PROVIDED RECORDS >>

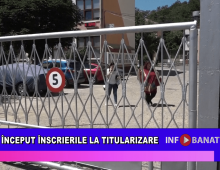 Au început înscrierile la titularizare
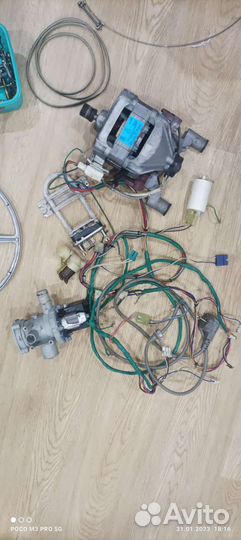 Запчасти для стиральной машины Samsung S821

* * *

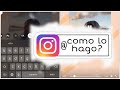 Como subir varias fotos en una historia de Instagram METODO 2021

GOAL OF THE EXERCISE >> Write out word for word the lines above that run from the one with "Au început înscrierile la titularizare" to the one with "Запчасти для стиральной машины Samsung S821". Include both end lines; exclude the images.

RESPONSE BELOW >>
 Au început înscrierile la titularizare
 Запчасти для стиральной машины Samsung S821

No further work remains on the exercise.